Ok, fellow Trek-nerds, hold on to your saurian brandy. Something we never knew we wanted is about to make us...well, at least me...very happy. Last month I was cruising YouTube, the website where people can upload various video clips for the general perusal, and on a lark I did a search for Star Trek. Strangely there weren't as many as I would have thought, but in amongst the Simpson parodies and Con footage I came across some 'proof of concept' clips of original Trek episodes with modern CGI effects put in over the 'then ground breaking but now horribly dated' old effects shots. I was blown away. The Doomsday Machine seemed to be the favorite target, and it was awesome. At the time I thought to myself that wouldn't it be great if the studios actually allowed this to be done to all the episodes? You see, I was assuming that these clips were from ambitious fans with lots of mad computer skillz, and too much time on their hands. I was wrong.

Here is a quote from Startrek.com: "CBS Paramount Domestic Television has officially announced that they are releasing digitally remastered episodes of Star Trek, with all new special effects and music, to celebrate the groundbreaking series' 40th anniversary, according to John Nogawski, president of CBS Paramount Domestic Television."

The shows are scheduled to begin airing on September 16th, starting with The Enterprise Incident, which was the first on-screen encounter with the Romulans, and will show off the new starship effects brilliantly.

I am sure that there will be some purists out there who will object to this, but I feel that, unlike what George Lucas did to Star Wars, this will only enhance the shows rather than alter them for the worse. And maybe, just maybe, some of the young punks today who giggle at the original series for its primitive look might finally develop some measure of respect for the little series that started a galactic empire.

If only Gene Roddenberry were alive to see this, I'm sure he'd be smiling.

Message ends.

Wednesday, August 30, 2006

And Now a Paid Political Message

When it comes to helping people, Richard Smoker is your man. Dick Smoker is a compassionate, fiscal conservative who once stayed in the same city as Ronald Regan and even wrote a letter to our greatest president.

Heywood Jablowme, on the other hand, has never voted against the over six-hundred tax raises enacted since the tax act of 1874! Jablowme regularly strangles puppies in his den and uses them to polish the skulls of the orphan nuns he murdered in 1975.

Dick Smoker opposes all forms of taxation, and wants to deport every homosexual and illegal alien in the state. Dick Smoker is endorsed by the NRA, PTA, IRA, ROTF, LMAO, and The Lord God Almighty Himself. If elected governer Dick Smoker will give every man, woman, and child their very own jar of rescued embryos to raise in a good, Christian way.

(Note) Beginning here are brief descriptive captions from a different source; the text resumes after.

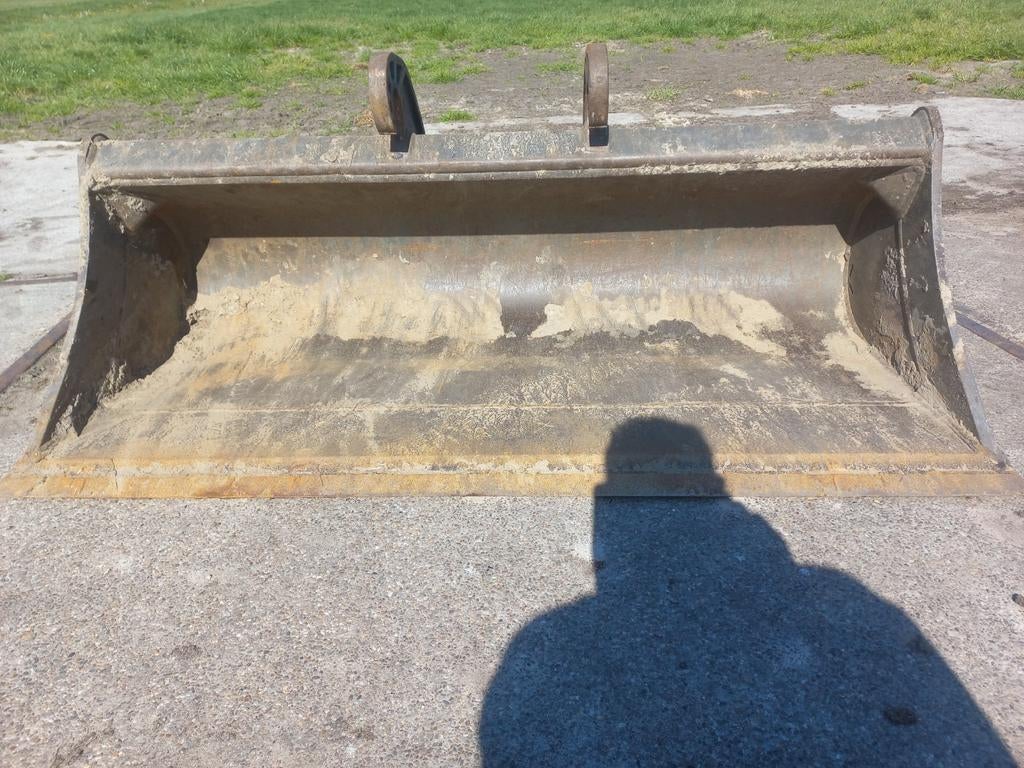 Vematec slotenbak cw10, Zakelijke goederen, Machines en Bouw | Kranen en Graafmachines, Ophalen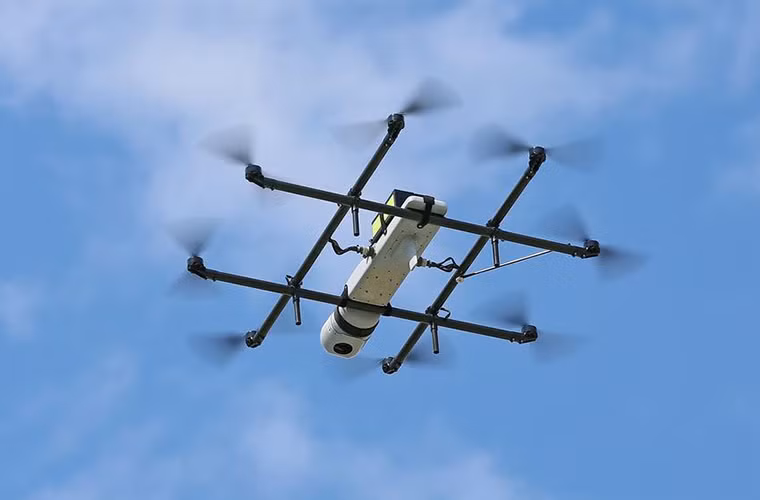 Cận cảnh Zala 421-22 khi hoạt động trên không ta có thể thấy camera quan sát của nó được đặt ở đầu phần thân UAV với góc xoay 180 độ và có trần bay khoảng 1.000m.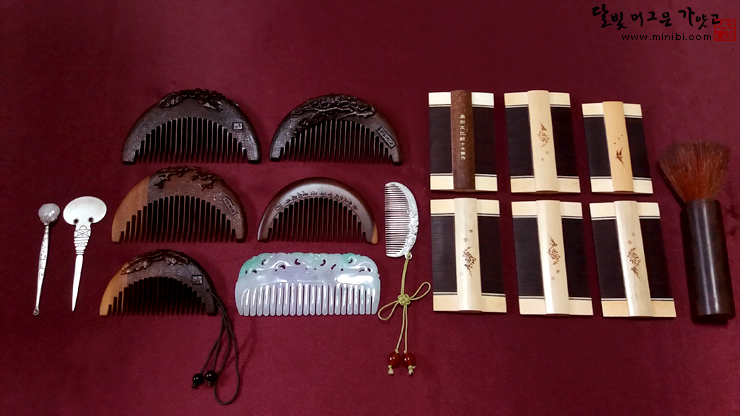 참빗과 얼레빗 이미지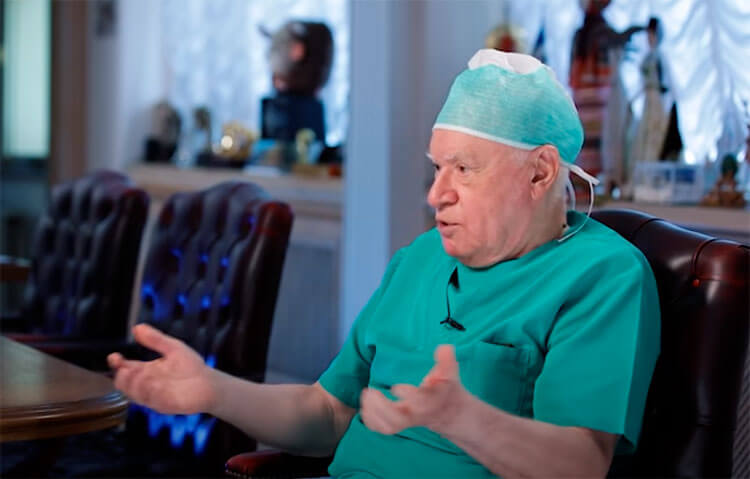 Muž trpiaci vysokým krvným tlakom a bolesťami hlavy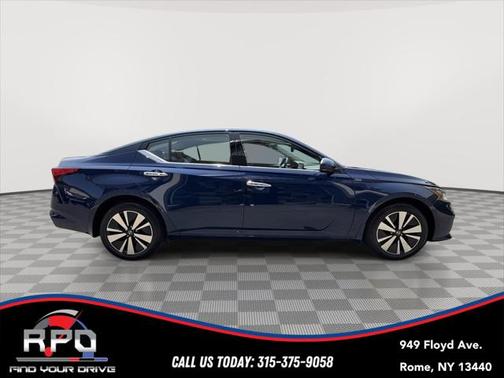 2020 Nissan Altima 2.5 SV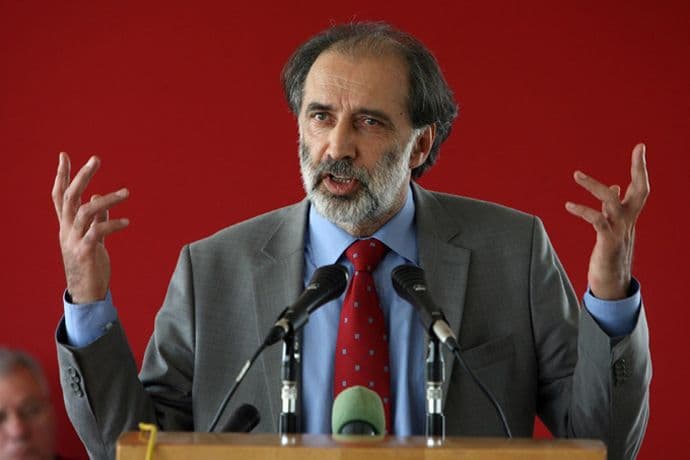 VUJAČIĆ: Crnogorska vlast našla zlatnu formulu za nezamjenljivost VUJAČIĆ: Crnogorska vlast našla zlatnu formulu za nezamjenljivost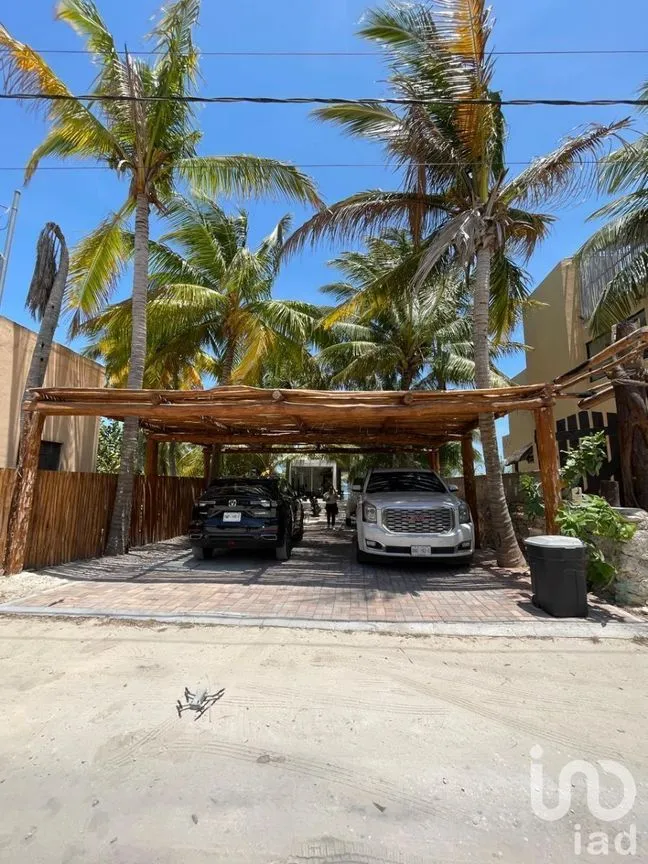Casa en Venta en San Crisanto, Sinanché, Yucatán | NEX-229838 | iad México | Foto 3 de 48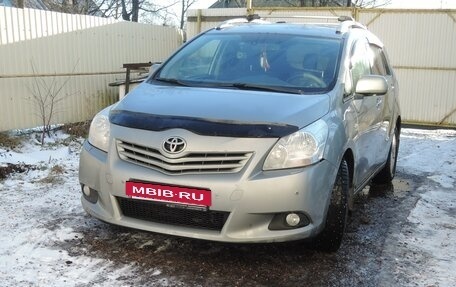 Toyota Verso I, 2011 год, 1 220 000 рублей, 2 фотография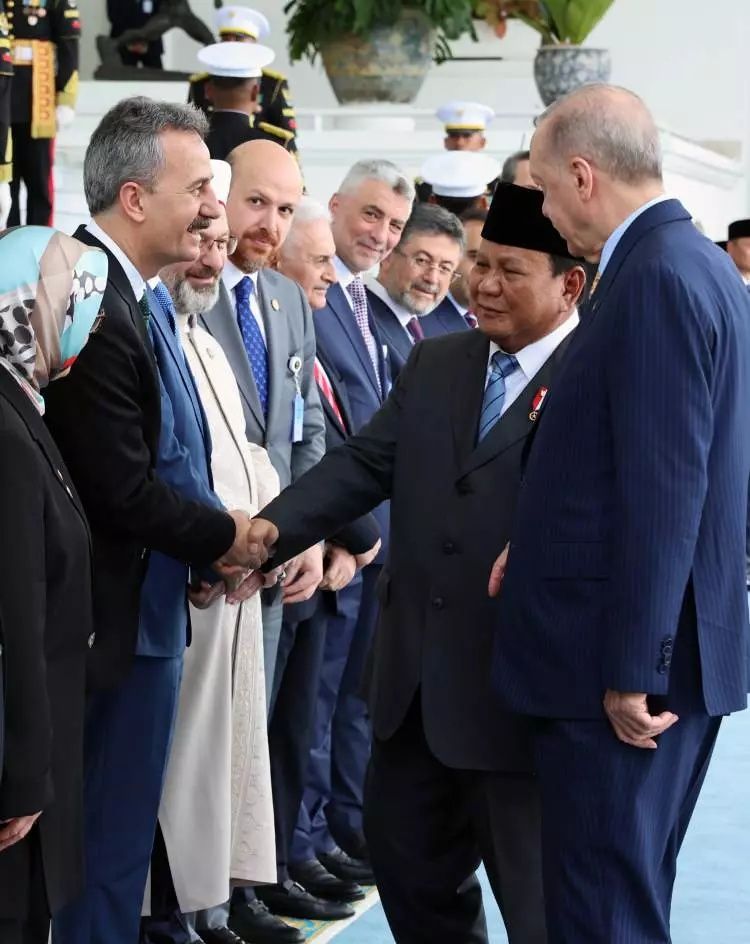 Asya turunun 2. durağı! Cumhurbaşkanı Erdoğan Endonezya'da büyük bir coşkuyla karşılandı... Görüntüler ''Böyle karşılama görülmedi'' dedirtti 4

Heywood Jablowme worships the devil, and if elected will kill and eat every first born male child in the state. Jablowme hates the United States, and often plays Scrabble with Osama Bin Laden while burning flags and P.O.W. bracelets.

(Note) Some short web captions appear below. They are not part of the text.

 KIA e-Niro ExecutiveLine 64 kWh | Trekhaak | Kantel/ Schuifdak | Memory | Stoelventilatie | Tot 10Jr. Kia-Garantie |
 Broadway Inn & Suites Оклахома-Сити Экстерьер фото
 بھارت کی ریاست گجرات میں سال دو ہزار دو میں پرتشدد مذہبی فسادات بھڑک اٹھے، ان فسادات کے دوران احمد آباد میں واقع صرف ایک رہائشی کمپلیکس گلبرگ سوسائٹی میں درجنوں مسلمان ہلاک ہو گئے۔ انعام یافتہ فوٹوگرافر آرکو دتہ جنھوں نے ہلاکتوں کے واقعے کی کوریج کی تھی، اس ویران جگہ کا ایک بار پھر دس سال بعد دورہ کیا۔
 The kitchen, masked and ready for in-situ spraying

Who would you rather have in the capitol? Dick Smoker, a decorated veteran and close personal friend of Jesus, or Heywood Jablowme, a vile, blood-drinking ghoul who despises you and your entire familY?

The choice is obvious.


I'm Dick Smoker, and God and I approved this message.

Sunday, August 27, 2006

Shatner Roast

Hi folks, and welcome to a somewhat perplexed edition of The Corner. I just finished watching the Comedy Central roast of William Shatner. It was mildly amusing, although I always thought that the point of these things was to get a bunch of entertainers who were friends of the guest of honor to come up and rip on them for a few minutes then get all mushy at the end. For this one only George Takei, Nichelle Nichols, and Betty White had actually worked with Shatner previously. There were a few laughs, but for the most part the humor was crude, vulgar, mean-spirited, and not particularly funny. And can someone explain why Andy Dick is still employed? Even Gilbert Godfried, whom I cannot stand, makes me laugh on rare occasions. Dick is just a less attractive, shorter version of Sandra Bernhard with a smaller penis, and an even smaller talent. And the one comedian who's bit I was looking most forward to, Kevin Pollak, wasn't even aired! I will say that seeing George Takei say "Fuck you and the horse you rode in on!" was worth the price of admission, but the lack of any true warmth at the end just made it feel pointless. And Shatner's closing monologue was stilted, forced, and had more of a 'I know you are, but what am I' feel to it rather than a polished riposte to the night's thrusts. And that, I now realize, sums up my disappointment. I was expecting a verbal fencing match, and what they gave me was a comedic Thunderdome, filled with cheap shots, and below the belt punchlines. Ah well, it's not the first time I was expecting sirloin, and was served cat food. C'est la guerre.

Marius

Thursday, August 24, 2006

Eat it, Mickey!!

The Plutocracy is over! That pesky bit of Kuiper Belt detritus, that frigid, bifurcated dustball, that hiddeously ancient frozen Yuggoth of Lovecraftian nightmares is history. Today the International Astronomical Union finalized it's definition of just what constitutes a major planet. As before, a planet must not be in thrall to any other body but good old Sol, must not be a star, must have enough mass for gravity to pull it into a roughly spherical shape(we live on an ovoid), and(here's the planet killer for Pluto) it must have a clear neighborhood around its orbit. In other words, all of the major planets have scooped up, or flung away, all debris, asteroids, and other space crap in their ways. Pluto, on the other hand, has such a wonky orbit that it crosses over the orbit of Neptune, which tiny Pluto could never hope to clear away. So rather than the unwieldy 12+ planet Solar System I fretted over the other day, we are now left with an official, and undisputable 8 planets. And what of frozen Yuggoth? It, and it's Kuiper Belt bretheren and sisteren are to be dubbed Dwarf Planets. This way we don't have to change the kids' mobiles every time another big rock is found out beyond Neptune, and all we need do to make all of our schoolbooks accurate is just apply some creative Sharpie action.

Peace out, yo!
Marius

Saturday, August 19, 2006

...And We're Baaaaaaack!

Hiya, Folks, and welcome to the first all new, no-bitching, non-video edition of The Corner for quite some time. It's Saturday, and I got more sleep last night than usual, and for once the day is going well. I just finished a huge bowl of chocolate pudding and I'm a ready for some bloggin'!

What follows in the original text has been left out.